BPL: Broadband Over Powerlines
Those old DSL and cable networks ran Internet through copper or other metal wires—so why not the metal wire of a power line? Anywhere where someone might be wanting Internet access, there will be a corresponding power grid to supply the local populace. No new wires needed, no new infrastructure, just taking advantage of the old. This is known as BPL, Broadband over Powerline.
However, as promising as an idea as it might sound, there are a few problems with BPL connections, if ones that are all perfectly possible to fix.
The first, and most pressing, is the problem of the transformers. The transformer will block any data transmission, requiring a repeater to be placed on the transformer to continue the transmission. This is more of a problem in power grids like that of the United States, where there is typically one transformer per house, translating into an extremely expensive overhaul. In more European style power grids, typically a single transformer powers ten, twenty, a hundred houses, making it far more cost effective to install the transformer.

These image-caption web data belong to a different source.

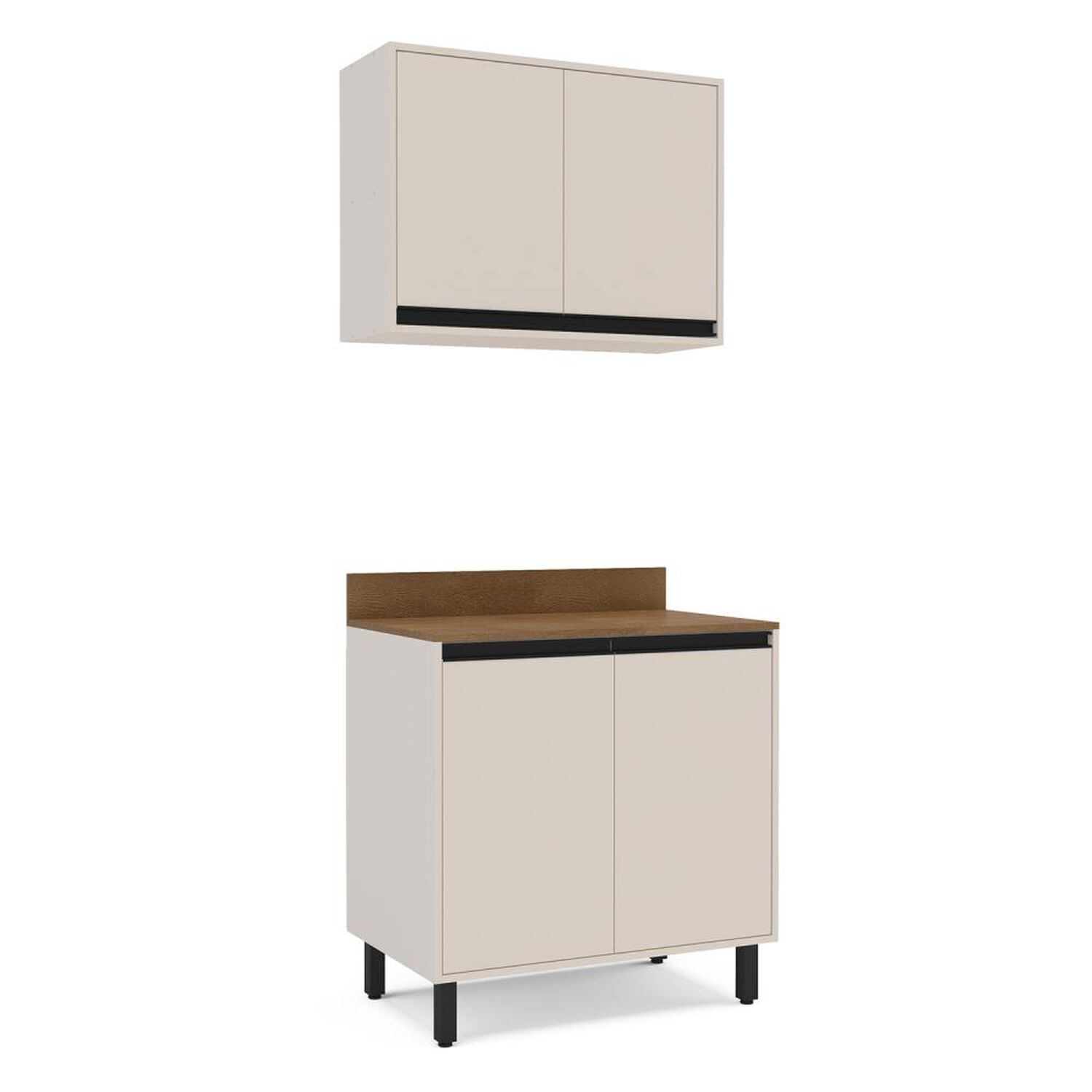 Combo Mueble De Cocina Vekkahome Kit Koya / 4 Puertas image number 5.0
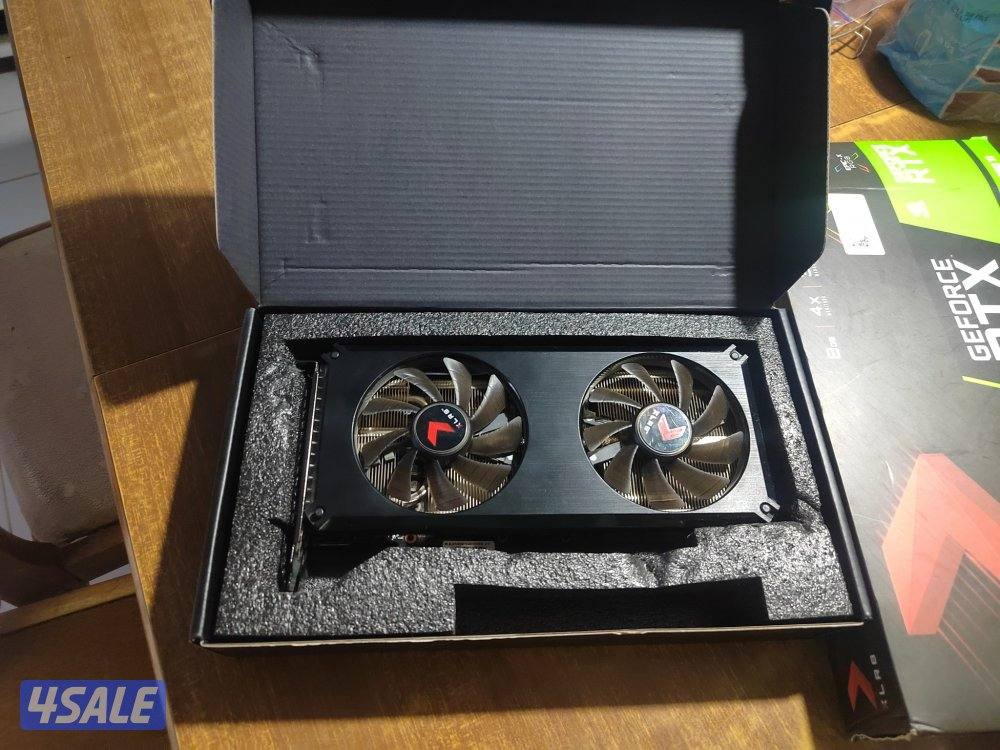 كرت شاشة rtx nivdia pny  3060ti مستعمل0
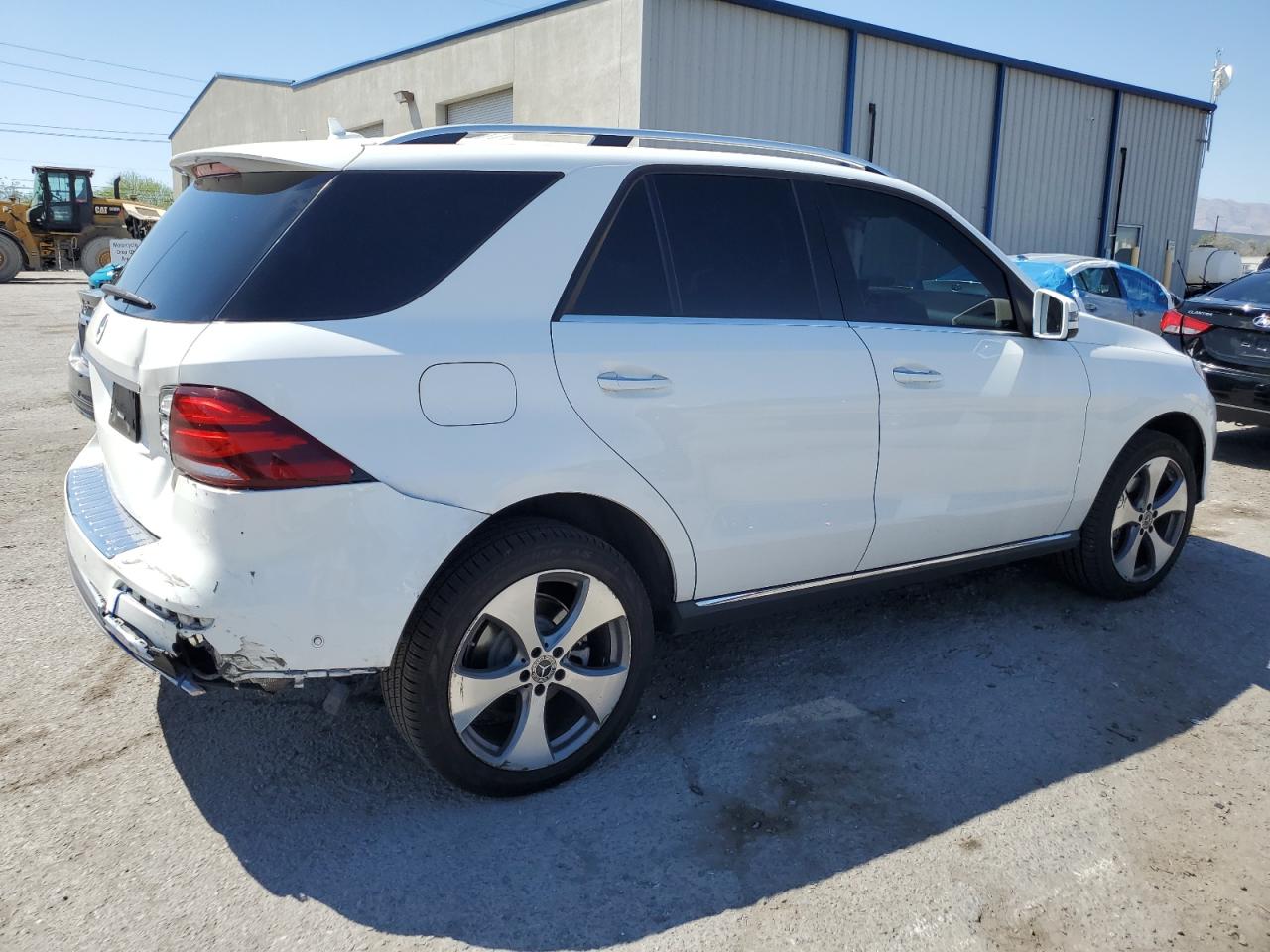 4JGDA5JB2JB064103 2018 Mercedes-Benz Gle 350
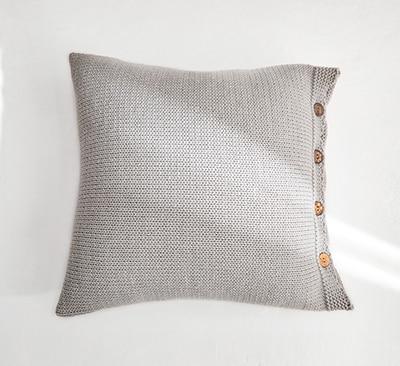 Housse de Coussin Tricoté | Housse Déco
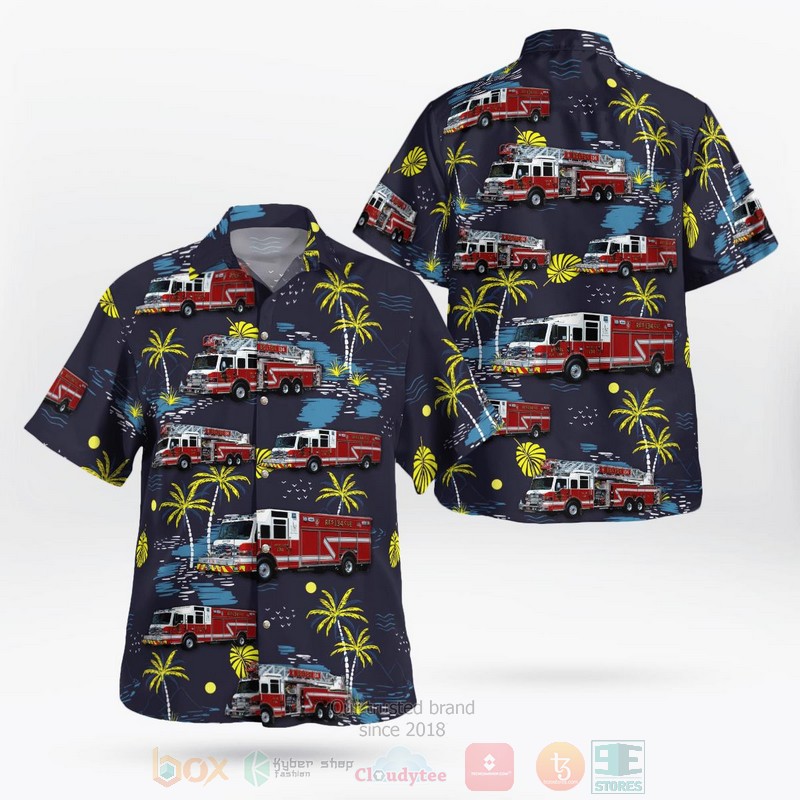 BEST Connecticut, Bolton Fire Department 3D Aloha Shirt 8 BEST Connecticut, Bolton Fire Department 3D Aloha Shirt word2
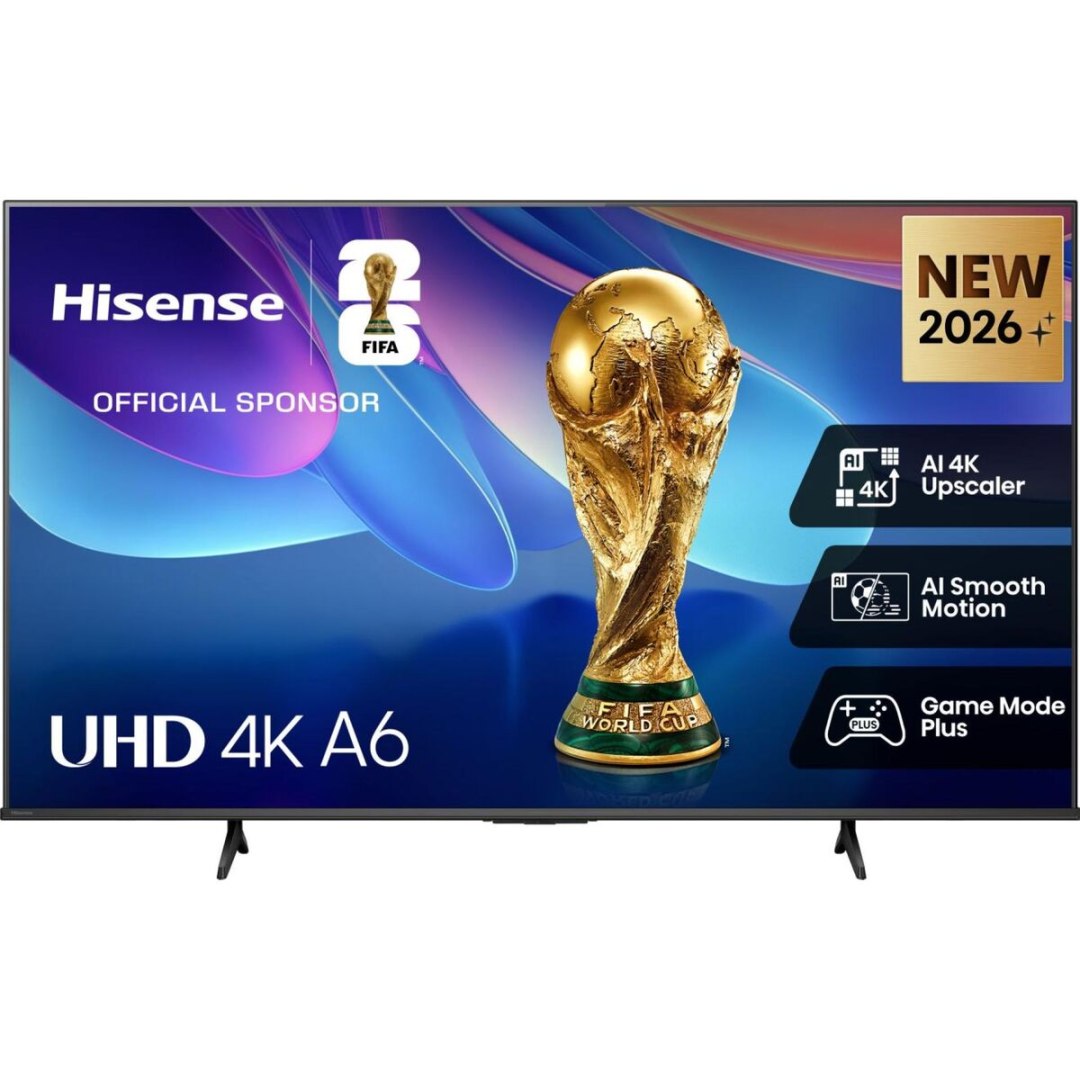 Hisense Smart TV 43A6S 3840 x 2160 px 43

Another problem is with the frequencies that must be used in BPL. The frequencies that are optimum for transmitting data, that is, the frequencies that suffer the least interference in such a noisy environment, happen to be the ones that are licensed for both amateur radio and international. You can imagine some of the outcry. Power lines are unshielded, meaning that unwanted signals can be picked up and interfere with each other. Shielding the powerlines is the obvious solution, though that would require a massive, and very expensive, overhaul of the current power grid.
This technology also has potential to be used to connect individual computers on a home network, not just to the greater portion of the Internet. Imagine the convenience without having dedicated cords or a dodgy wireless signal to deal with. Anything and everything on a single network, connected via the same outlet that powers them.
To many, BPL has enough advantages over old DSL and cable wired connections that they are beginning to replace them. The buzz is out, BPL standards have been set, and the technology is already beginning to be implemented in fits and starts. Be ready to start seeing this technology widely available for your wired networks in the near future.